Januar 09. 2026
2026 NDAA Updates to Outbound Investment Rule
On December 18, 2025, President Donald Trump signed the National Defense Authorization Act for Fiscal Year 2026 (the “NDAA”). The NDAA includes the Comprehensive Outbound Investment National Security Act of 2025 (“COINS”), which codifies updates to the existing Outbound Investment Regulations (“OIR”) at 31 CFR Part 850. We discussed the contents of the OIR in our November 2024 Legal Update.
COINS Details
Key elements of COINS updates are summarized below:
- The 2026 NDAA authorizes $150 million for implementation of the new OIR regulations and requires that implementation occur within 450 days of NDAA passage.
- Congress added an “intelligence exemption” to the OIR. Pursuant to this exemption, “authorized intelligence activities” will not be subject to OIR restrictions.
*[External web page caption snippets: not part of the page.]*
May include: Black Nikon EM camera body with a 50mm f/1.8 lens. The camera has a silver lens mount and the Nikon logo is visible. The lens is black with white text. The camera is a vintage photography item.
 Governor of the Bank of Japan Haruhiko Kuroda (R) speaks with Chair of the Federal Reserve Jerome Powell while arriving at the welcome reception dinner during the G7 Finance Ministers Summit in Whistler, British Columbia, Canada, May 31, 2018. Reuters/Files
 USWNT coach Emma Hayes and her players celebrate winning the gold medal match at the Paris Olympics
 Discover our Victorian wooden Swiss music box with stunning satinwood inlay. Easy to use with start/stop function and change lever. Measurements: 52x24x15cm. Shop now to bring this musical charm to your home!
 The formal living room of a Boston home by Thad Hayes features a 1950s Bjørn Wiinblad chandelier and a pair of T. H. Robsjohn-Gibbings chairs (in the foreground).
- In a critical update, Congress added an ability for parties to seek “non-binding feedback” from the US government to determine the OIR’s application to a contemplated transaction. Applicants would receive feedback on “a confidential basis, or as anonymized guidance to the public,” and the process would be similar to “advisory opinion” processes available under some other regulatory regimes.
- The NDAA adds to the current list of covered sectors (semiconductor technology and microelectronics, quantum information technology, and AI systems) by including two new sectors: high-performance computing and supercomputing and hypersonic systems.
- The NDAA does not require direct action, but states that the Secretary of Treasury “may establish a publicly accessible, non-exhaustive database that identifies covered foreign persons that are either engaged in a prohibited technology or a notifiable technology.” If published, this publicly available tool would be a powerful resource for investors.
- Notably, the 2026 NDAA expands the definition of “Country of Concern” (from the PRC (including Macau and Hong Kong SARs)) to also include Cuba, Iran, North Korea, Russia, and Venezuela (under the Maduro regime).
- The NDAA streamlines the defined term “Covered Foreign Person” to mean: “a non-US person that is: a) incorporated in, has a principal place of business in, or is organized under the laws of a country of concern; b) a member of the Central Committee of the Chinese Communist Party or is a member of the political leadership of a country of concern; c) is subject to the direction or control of a country of concern an entity described in (a) or (b), or the state or the government of a country of concern (including any political subdivision, agency, or instrumentality thereof); or d) owned in the aggregate, directly or indirectly, 50 percent or more by a country of concern, an entity described in a) or b), or the state or the government of a country of concern (including any political subdivision, agency, or instrumentality thereof).” It is not clear how the COINS and existing OIR definitions will be reconciled.
- The NDAA definition folds in the OIR’s existing concept of “knowingly directing” by adding the following to the definition of a “covered national security transaction;” “knowingly directing prohibited transactions or notifiable transactions by foreign persons that the US person has knowledge at the time of the transaction would constitute a covered national security transaction if engaged in by a US person.”
- The NDAA definition adds a “de minimis exception,” stating that “any transaction the value of which the Secretary determines is de minimis” is not a covered national security transaction.
- The NDAA further excepts “ancillary transactions undertaken by a financial institution.” (“Ancillary transaction” means: (i) the processing, settling, clearing, or sending of payments and cash transactions; (ii) underwriting services, including the temporary acquisition of an equity interest for the sole purpose of facilitating underwriting services; (iii) credit rating services; and (iv) other services ordinarily incident to and part of the provision of financial services, such as opening deposit accounts, direct custody services, foreign exchange services, remittances services, and safe deposit services.)
- Also excepted are:
- Intracompany transfer of funds from a US parent company to a subsidiary located in a country of concern or a transaction that, but for this clause, would be a covered national security transaction between a US person and its controlled foreign person that supports operations that are not covered national security transactions, or that maintains covered national security transactions that the controlled foreign person was engaged in prior to the effective date of the implementing regulation; and
- Certain transactions that are secondary to a covered national security transaction (e.g., contractual arrangements, bank lending, bank payments, underwriting, debt rating, prime brokerage, global custody, equity research/analysis, or similar services).
Interested parties should watch carefully for the required updates to the OIR in the coming weeks and months.